In Munich, 1920 over 2,000 participants hear the party announced a 25 point program. The main authors were Feder, Adolf Hitler, and a third man, Anton Drexler.

14 of 25 points are socialistic.
Collectivism.
Nationalism
Authoritarianism.
Idealism
Economic socialism.
Censorship
Abolition of all income gained by loaning money at interest.
Confiscation of all profits earned by German businesses during WWI.
Nationalization of all corperations.
Profit sharing in large industrial enterprises.
Demands the generous developement of state run old-age insurance.
Immediate socialization of the hure department store, etc, etc.

So strong was the Nazi pary commitment to socialiam that in 1921 the party entered into negotiations with another socialist party, the German Socialist Party.In 1927 Hitler made a speech:

"We are socialist, we are enemies of today's capitalistic economic system for the exploitation of the economically weak, with its unfair salaries, with its unseemly evaluation of a human being according to wealth and prosperity instead of resposibility and performance, and we are all determined to destroy this system under all conditions."

Looks like an Occupy speech.

The Nazis bragged that they we more socialist the USSR communists because the socialized almost every aspect of society. The Nazi solution is strong socialism.
Education, who can marry who, who can have babies, who can't, and who shoud not live (eugenics), they even banned smoking in certain public places.

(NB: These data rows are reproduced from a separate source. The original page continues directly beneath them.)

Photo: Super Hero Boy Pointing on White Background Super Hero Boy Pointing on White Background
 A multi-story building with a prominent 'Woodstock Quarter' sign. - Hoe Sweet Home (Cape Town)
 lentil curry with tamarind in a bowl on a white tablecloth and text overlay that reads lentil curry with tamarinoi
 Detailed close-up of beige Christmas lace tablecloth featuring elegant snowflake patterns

Yet we always have people who claim National Socialism isn't socialism. What next, it isn't nationalism either??

The issue about how socialist the Nazis were is, in part a judgement call about long-term principle and short term pragmatiism. The didn't nationalize all businesses and they didn't need to. Most fell in line and fell for the whole collectivist message of self sacrifice, willingly giving for the greater good. And clearly they were racists but formed alliances with the Italians and the Japanese neither of whom were Aryans racially- same with Hilter.

I give up man.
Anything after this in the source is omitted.